Written by Kevin L. Howard   

Most single adults have heard someone tell them that they need to be content before God will give them a spouse.  So let's examine this idea in light of Scripture.


In Phip 4:11, Paul says, "…I have learned to be content whatever the circumstances."  He goes on to say in verse 12, "…I have learned the secret of being content in any and every situation, whether well fed or hungry, whether living in plenty or in want."  And regarding money and greed, he says in 1 Tim 6:6 that, "godliness with contentment is great gain."  Paul also indicated in 1 Cor 7:7-8 that he was fine being single.  When I read these passages, I see that Paul was way ahead of me in contentment, especially in the single realm.


More often than not, singleness feels like a curse than a blessing.  Many other singles feel this way too.  Yes, the single life has benefits, but do we desire a bad thing when we long for marriage? 


No.  Scripture teaches that marriage and romantic love are good things designed by God himself (Gen 2; Ruth 1-4; Pro 5:18-19; 18:22; 19:14; Song of Songs; 1 Cor 7:2; Eph 5:21-33; Heb 13:4).  Sometimes singleness will be a path that some will choose because they don't want to be married (Mat 19:8-12), or because persecution makes marriage impractical (1 Cor 7:24-28), but otherwise, marriage is the norm.


Scripture teaches us—whether rich or poor, married or single, sick or well—that we should seek contentment in Christ.  Living holy and content lives is important.  But this should not lead us to say that singles have to reach some level of contentment before God will bring them a spouse.  If that's the case, many of us will never marry, because our discontentment grows with each passing year.


It's my contention that married people wouldn't be married if they'd truly reached a state of total contentment with singleness.  The fact that they married tells me that they saw something more valuable in marriage than in singleness.  So we should not promote the false teaching of being totally content or else God won't give singles a spouse.  It may sound good, but it's not biblical.
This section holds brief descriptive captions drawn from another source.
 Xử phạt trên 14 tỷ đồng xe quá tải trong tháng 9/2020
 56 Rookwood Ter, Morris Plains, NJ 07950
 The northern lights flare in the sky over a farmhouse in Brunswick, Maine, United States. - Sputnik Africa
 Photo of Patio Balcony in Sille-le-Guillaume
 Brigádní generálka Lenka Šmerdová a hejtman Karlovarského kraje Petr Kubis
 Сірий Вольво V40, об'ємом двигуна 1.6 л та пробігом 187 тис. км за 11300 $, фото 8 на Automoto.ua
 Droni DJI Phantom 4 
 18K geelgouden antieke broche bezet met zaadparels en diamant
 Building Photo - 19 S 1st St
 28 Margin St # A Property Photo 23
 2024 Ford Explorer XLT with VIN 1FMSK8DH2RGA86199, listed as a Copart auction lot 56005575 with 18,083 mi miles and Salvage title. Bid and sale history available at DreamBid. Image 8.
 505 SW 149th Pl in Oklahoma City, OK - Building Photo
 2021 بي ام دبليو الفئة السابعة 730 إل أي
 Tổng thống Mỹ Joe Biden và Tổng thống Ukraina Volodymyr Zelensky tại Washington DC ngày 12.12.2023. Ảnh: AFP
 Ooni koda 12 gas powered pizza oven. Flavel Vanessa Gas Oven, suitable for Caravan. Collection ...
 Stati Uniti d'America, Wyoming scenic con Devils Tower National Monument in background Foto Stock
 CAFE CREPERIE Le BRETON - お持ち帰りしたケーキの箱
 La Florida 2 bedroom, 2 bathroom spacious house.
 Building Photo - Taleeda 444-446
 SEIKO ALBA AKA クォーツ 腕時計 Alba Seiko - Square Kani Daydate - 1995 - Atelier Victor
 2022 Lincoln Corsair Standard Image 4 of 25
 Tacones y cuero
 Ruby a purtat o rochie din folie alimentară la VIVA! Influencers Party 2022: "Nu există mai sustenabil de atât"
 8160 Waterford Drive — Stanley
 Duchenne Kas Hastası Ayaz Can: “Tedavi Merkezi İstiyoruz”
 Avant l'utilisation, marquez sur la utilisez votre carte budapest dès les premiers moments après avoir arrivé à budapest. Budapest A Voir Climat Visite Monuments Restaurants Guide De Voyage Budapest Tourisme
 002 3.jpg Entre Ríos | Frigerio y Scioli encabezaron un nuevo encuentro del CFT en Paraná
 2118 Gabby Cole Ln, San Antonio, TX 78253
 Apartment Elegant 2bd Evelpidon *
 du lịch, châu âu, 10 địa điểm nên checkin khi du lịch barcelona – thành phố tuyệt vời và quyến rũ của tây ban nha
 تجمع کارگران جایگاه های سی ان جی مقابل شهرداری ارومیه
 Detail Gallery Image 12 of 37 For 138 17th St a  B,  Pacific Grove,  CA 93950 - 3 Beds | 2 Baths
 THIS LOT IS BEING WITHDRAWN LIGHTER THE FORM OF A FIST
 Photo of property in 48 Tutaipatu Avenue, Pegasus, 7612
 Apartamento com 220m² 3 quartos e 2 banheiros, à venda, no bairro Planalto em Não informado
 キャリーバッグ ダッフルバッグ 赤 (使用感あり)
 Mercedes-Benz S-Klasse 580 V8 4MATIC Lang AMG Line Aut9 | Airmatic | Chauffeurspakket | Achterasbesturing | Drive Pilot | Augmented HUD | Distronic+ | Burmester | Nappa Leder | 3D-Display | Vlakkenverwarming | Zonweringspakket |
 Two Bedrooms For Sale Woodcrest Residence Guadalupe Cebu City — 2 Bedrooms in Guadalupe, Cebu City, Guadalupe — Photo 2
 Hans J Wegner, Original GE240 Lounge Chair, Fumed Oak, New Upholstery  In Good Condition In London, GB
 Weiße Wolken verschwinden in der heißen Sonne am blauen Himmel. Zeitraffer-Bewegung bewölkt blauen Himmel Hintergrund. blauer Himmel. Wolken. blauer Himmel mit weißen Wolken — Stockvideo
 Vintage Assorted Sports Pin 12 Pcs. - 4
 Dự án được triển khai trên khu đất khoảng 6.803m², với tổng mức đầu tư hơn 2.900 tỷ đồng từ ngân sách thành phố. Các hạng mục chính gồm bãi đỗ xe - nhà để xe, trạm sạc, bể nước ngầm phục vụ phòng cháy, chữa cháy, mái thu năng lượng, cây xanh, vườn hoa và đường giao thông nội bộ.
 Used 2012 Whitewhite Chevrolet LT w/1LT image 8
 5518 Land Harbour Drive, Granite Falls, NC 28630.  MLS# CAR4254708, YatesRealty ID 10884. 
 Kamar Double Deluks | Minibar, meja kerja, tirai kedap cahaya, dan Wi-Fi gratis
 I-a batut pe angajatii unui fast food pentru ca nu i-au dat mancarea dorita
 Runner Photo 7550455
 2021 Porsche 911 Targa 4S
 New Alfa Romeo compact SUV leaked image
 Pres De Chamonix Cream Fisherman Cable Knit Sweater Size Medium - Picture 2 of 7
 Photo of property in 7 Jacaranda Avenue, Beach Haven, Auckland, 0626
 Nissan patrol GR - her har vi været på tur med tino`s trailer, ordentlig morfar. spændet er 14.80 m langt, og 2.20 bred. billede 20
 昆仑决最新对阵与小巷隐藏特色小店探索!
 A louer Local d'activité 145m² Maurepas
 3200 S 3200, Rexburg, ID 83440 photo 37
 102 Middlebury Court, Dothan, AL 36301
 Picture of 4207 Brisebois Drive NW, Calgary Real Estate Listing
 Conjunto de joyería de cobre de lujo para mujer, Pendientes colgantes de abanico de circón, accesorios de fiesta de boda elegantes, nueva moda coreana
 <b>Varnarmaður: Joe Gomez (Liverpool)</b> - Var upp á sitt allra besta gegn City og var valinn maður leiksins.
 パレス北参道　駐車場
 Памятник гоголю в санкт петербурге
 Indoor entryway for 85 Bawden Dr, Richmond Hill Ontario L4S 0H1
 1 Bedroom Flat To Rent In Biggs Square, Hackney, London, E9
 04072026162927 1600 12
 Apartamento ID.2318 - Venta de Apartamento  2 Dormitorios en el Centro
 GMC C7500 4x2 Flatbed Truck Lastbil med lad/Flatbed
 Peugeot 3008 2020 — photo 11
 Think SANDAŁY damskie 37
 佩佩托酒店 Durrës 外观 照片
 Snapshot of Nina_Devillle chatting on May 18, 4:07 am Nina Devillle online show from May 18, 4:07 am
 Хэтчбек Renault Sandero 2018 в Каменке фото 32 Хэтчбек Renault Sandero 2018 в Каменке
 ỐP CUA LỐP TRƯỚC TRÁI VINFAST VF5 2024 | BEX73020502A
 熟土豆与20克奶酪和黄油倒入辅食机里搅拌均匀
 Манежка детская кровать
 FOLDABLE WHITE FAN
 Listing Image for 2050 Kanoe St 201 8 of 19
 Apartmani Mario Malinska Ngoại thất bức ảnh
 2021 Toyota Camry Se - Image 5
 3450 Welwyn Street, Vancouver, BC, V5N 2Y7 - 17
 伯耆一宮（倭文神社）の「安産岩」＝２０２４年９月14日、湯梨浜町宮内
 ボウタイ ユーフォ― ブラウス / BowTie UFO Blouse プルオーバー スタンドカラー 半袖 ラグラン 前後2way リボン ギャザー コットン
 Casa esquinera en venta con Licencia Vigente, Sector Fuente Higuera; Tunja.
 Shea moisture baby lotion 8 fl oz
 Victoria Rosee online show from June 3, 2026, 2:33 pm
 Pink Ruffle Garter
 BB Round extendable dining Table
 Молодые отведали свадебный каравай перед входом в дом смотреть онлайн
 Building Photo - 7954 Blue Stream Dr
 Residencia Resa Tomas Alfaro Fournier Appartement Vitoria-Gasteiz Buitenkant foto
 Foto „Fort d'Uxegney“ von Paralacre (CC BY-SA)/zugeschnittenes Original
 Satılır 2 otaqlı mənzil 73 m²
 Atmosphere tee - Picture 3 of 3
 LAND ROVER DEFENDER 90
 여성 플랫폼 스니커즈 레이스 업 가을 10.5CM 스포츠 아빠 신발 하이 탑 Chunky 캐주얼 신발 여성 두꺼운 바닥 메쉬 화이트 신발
After all, doesn't God give his children good things just because he loves his children (Lk 11:1-11)?  We singles need to learn a certain level of contentment and happiness in our singleness, not because it's the spiritual state we need to reach before God will bless us with a spouse, but for our own well being.  In fact, we need to learn contentment because that's how we can best enjoy God.


But marriage is still good.  It's hard to hear married folks give trite answers like, "Just be content as a single…you can do so much more for the Lord," or "Pray and ask God to send someone and he will if it's his plan for you," or "God wants you to learn to be content as a single." This is easy to say unless you've longed, waited, prayed, and wept year after year for a spouse, only to still be alone.  It's like an overweight business man slowing down in his BMW to yell out the window at a begging emaciated hungry lady to tell her that she should learn to be content with her lot in life.  There may be some truth in the statement, but it seems cruel as he drives off to his million-dollar house in the suburbs.


As a single adult, I want married people to genuinely empathize and care about my desire to marry, and to affirm that I desire a good thing.  Maybe they will even offer to introduce me to someone, rather than to rattle off some statement like, "When you learn to stop looking for a wife, then God will bring her your way."  That line just doesn't make sense.  Why do I need her after I've stopped looking?


I realize that marriage, by itself, won't make me happy, but it's still a good thing to desire.  So encourage me, offer some biblical principles, even give me some pointers on wooing women, but please don't quote some unbiblical teaching about being content enough to deserve a spouse.


Sept 2002 


Kevin is now married and fully endorses this article.